[SUPPLIED ENTRIES Boundary: Start]
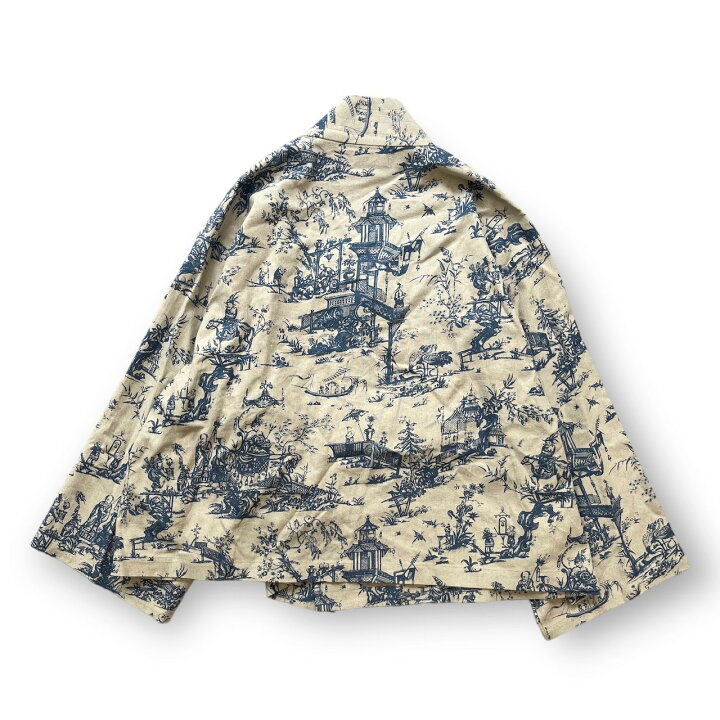 楽天市場】ティー・TTT MSW 22SS Kimono Shirt Jacket 状態SS キモノ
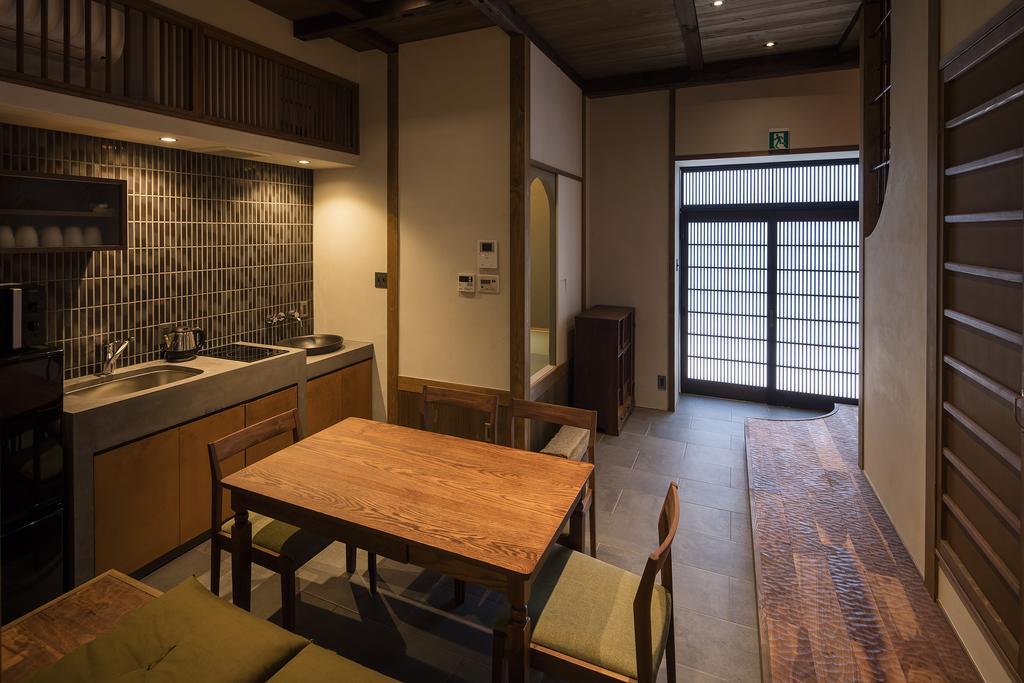 Вилла Natsume An Machiya House Киото Экстерьер фото
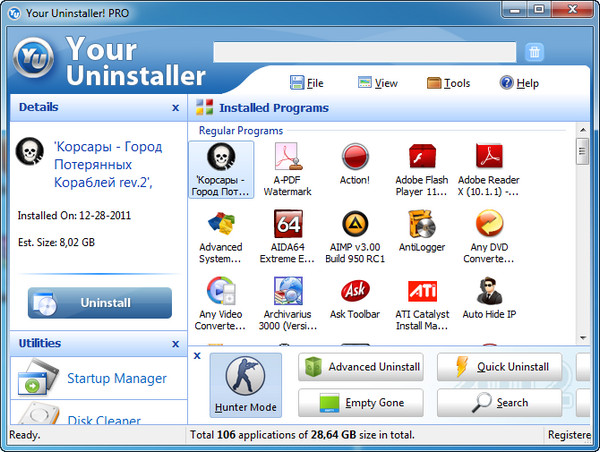 Your Uninstaller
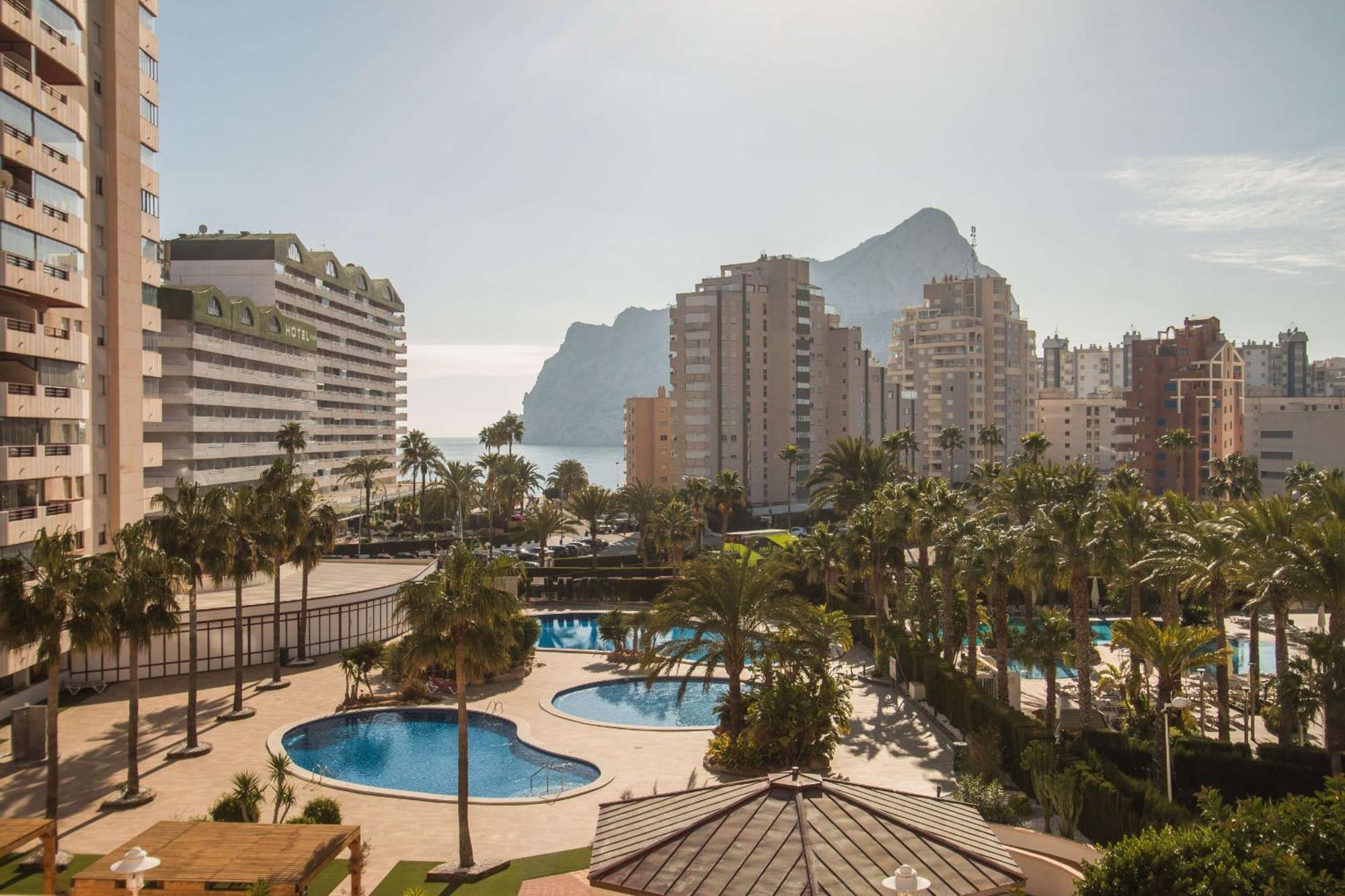 Apartamento Coral Beach - Plusholidays Calpe Kültér fotó
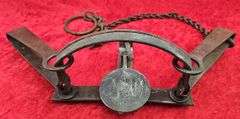 Oneida Newhouse No. 4 Long Spring Trap w/Chain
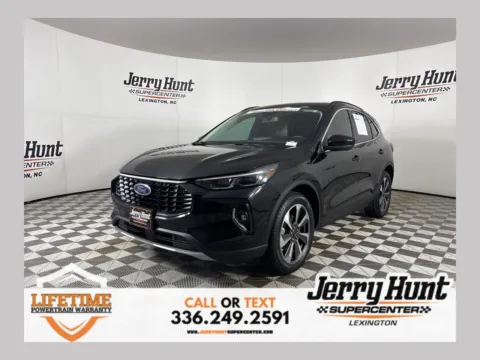 Black 2023 Ford Escape Hybrid Platinum for sale in Lexington, NC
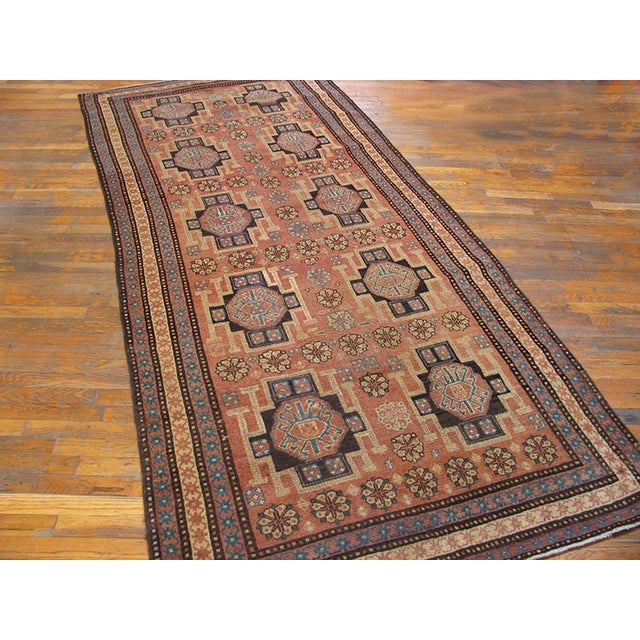 19th Century Persian N.W. Carpet ( 4' x 9'8" - 122 x 295 )
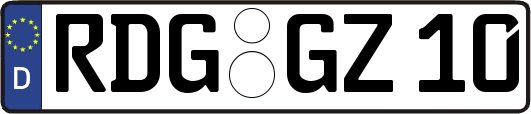 RDG-GZ10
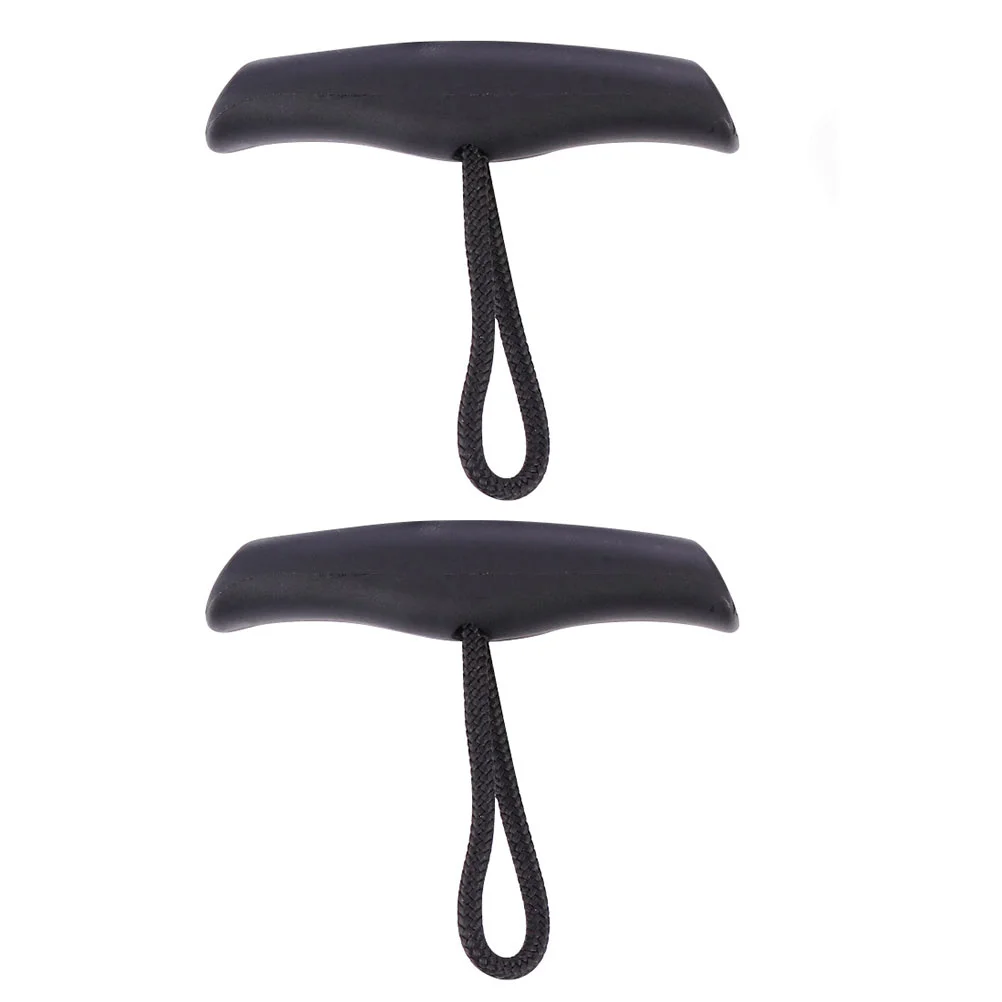 

2 Pcs Kayak Handle Pull Handles Canoe Carry Home Accessories Heavy Replacement Plastic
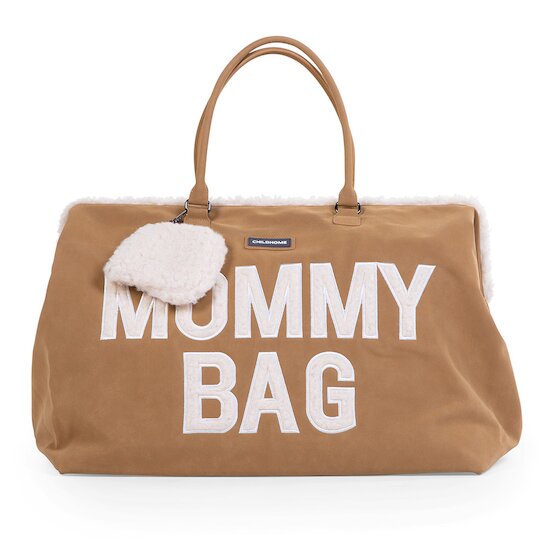 Childhome Sac à langer Mommy Bag suède beige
[SUPPLIED ENTRIES Boundary: End]
**BRIEF:**
Your output should be the records above, duplicated exactly and picture-free.

**ANSWER BELOW:**
 楽天市場】ティー・TTT MSW 22SS Kimono Shirt Jacket 状態SS キモノ
 Вилла Natsume An Machiya House Киото Экстерьер фото
 Your Uninstaller
 Apartamento Coral Beach - Plusholidays Calpe Kültér fotó
 Oneida Newhouse No. 4 Long Spring Trap w/Chain
 Black 2023 Ford Escape Hybrid Platinum for sale in Lexington, NC
 19th Century Persian N.W. Carpet ( 4' x 9'8" - 122 x 295 )
 RDG-GZ10

2 Pcs Kayak Handle Pull Handles Canoe Carry Home Accessories Heavy Replacement Plastic
 Childhome Sac à langer Mommy Bag suède beige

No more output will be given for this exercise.